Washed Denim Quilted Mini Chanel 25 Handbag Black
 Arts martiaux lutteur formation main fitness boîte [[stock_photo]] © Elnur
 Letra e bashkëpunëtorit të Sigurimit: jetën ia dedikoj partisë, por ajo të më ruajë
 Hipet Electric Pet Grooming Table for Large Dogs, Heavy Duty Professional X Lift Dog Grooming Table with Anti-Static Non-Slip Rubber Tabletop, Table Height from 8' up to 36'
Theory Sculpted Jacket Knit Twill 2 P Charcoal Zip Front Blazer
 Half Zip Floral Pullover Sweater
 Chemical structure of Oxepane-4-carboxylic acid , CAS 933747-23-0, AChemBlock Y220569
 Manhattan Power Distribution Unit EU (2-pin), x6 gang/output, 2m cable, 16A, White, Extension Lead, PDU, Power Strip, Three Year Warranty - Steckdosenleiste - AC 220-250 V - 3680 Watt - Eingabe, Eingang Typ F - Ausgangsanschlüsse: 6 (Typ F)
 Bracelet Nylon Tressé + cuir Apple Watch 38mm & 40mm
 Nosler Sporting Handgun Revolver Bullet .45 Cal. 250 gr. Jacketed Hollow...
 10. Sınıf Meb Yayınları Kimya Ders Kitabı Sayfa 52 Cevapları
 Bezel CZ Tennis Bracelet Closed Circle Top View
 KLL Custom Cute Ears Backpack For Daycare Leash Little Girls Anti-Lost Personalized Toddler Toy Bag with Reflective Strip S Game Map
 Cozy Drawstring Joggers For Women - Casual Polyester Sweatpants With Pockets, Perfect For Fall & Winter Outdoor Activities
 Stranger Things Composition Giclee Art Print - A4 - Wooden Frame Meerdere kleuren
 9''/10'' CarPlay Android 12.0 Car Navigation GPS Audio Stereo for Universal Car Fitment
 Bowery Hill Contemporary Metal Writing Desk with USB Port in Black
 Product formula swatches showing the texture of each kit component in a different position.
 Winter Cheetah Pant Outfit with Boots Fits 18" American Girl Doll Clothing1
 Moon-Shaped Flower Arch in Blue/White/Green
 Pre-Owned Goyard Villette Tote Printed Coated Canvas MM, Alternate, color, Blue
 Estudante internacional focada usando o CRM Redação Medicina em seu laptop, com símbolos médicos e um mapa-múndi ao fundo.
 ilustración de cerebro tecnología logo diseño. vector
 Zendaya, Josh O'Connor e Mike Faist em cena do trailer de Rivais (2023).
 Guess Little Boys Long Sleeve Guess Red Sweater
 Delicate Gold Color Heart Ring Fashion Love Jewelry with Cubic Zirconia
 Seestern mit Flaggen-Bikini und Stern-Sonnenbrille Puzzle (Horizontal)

### What is needed
Print the lines of the entries, exactly, from the one containing "Guess Little Boys" down to the final line, and leave out all the others.

### Output of the exercise
 Guess Little Boys Long Sleeve Guess Red Sweater
 Delicate Gold Color Heart Ring Fashion Love Jewelry with Cubic Zirconia
 Seestern mit Flaggen-Bikini und Stern-Sonnenbrille Puzzle (Horizontal)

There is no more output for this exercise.